On the way back from our adventures in the river.

Second to last day and it was not good. I woke up feeling awful, getting out of bed I knew I wasn’t right and after throwing up, blacking out and spending the morning sleeping on my Gran’s sofa, I knew I wouldn’t be climbing that day. I managed to get up to the crag however and sit with my sister, Naomi, (she also wasn’t climbing due to a shoulder injury) and watched the others get on hard routes.

            The last day had arrived, still tired and kind of better, I made my way up to the crag with Team Crush. I knew I wouldn’t get on anything hard, so I tried the 7a top rope I tried the first day. Managing to get a couple of moves then coming off feeling exhausted and unable to pull, I decided it was a day and joined Naomi again. About 30 min before I had to leave to get the train, I had worked up some energy to get back on Ground Effect, I pulled past the moves I had struggled with but then fell off, forgetting the next beta. Being so late on the climb I couldn’t work it again and Gran was calling and the rest were packing up. The week was over, time to go home.

This year I didn’t get many ticks, (the illness didn’t help!) but I have a plan for next time, so no dawdling at the beginning, straight to the lines!

Finally good luck to Tara who is currently in Singapore for the Junior World cup! I’ve got high hopes for her, ticking 4 7b’s, flashing 3 out of the 4 and 6 moves off an 8a, she’s beasting! And thank you Granny and Granddad for letting us use your Bothy, hostessing and looking after Team Crush! And lastly thank you to Naomi, ‘team manager’ for organising, mothering and cooking!!!


The Crag its Self


Thursday 16 August 2012

As Strong as a Mountain and as dynamic as a Flower



The Comp wall
A few weeks ago I had my 3rd European. It was held at the Kletter Zentrum Imst, Austria. Its comp’s wall is placed outside and is AMAZING. If you’ve ever been to Ratho, it makes it look small. But to make it even more impressive it is surrounded by snow sprinkled mountains.
 We had another display of the British Team’s strength. Again we got 3 finalist: Luke Tilley, Alex Waterhouse and William Bosi and some pretty awesome climbing from those not reaching the final!

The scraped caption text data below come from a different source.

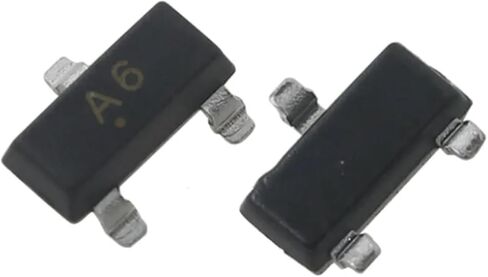 200pcs BAS16LT1G A6 SOT-23 تبديل الصمام الثنائي SMD BAS16 in Saudi Arabia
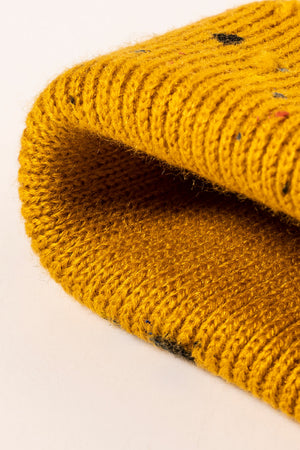 IREP Stealth Wealth Finley Paint Drip Rib-Knit Cuff Beanie Hat iRepBrand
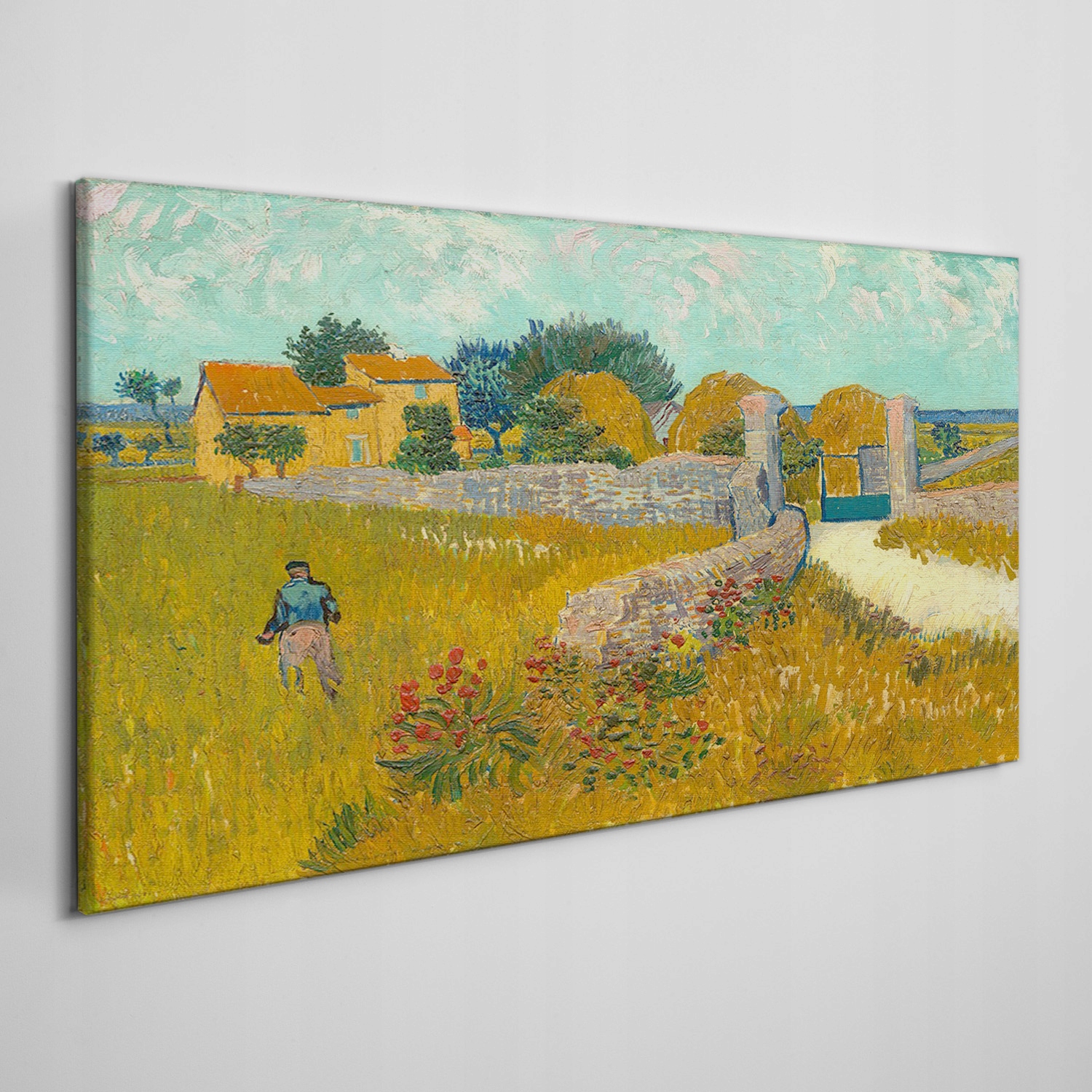 

Obraz na płótnie Dom w Prowansji Van Gogh 140x70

Qualifier 1 looked reachy, pumpy and fun. Unfortunately, I was 35th on, although giving me plenty of viewing time, it also gave me time to get shaky and nervous. I had watched both Gracie and Molly reach the first crux; a long and powerful move which spat both of them off. But I was determined to stick the hold and climb on.
Qualifier 1
As I got to my chair to start tying on, the sun was beating down, not helping my ever rising nerves. It was my turn to face the climb. I was too nervous to climb at my full potential but I tried to push this thought away, just focusing on the next move, trying to get my feet right and to make my clipping good.
However my nerves got the better of me. I come off because of a misjudged foot sequence. I came down, frustrated, knowing this was not the best performance I could have done.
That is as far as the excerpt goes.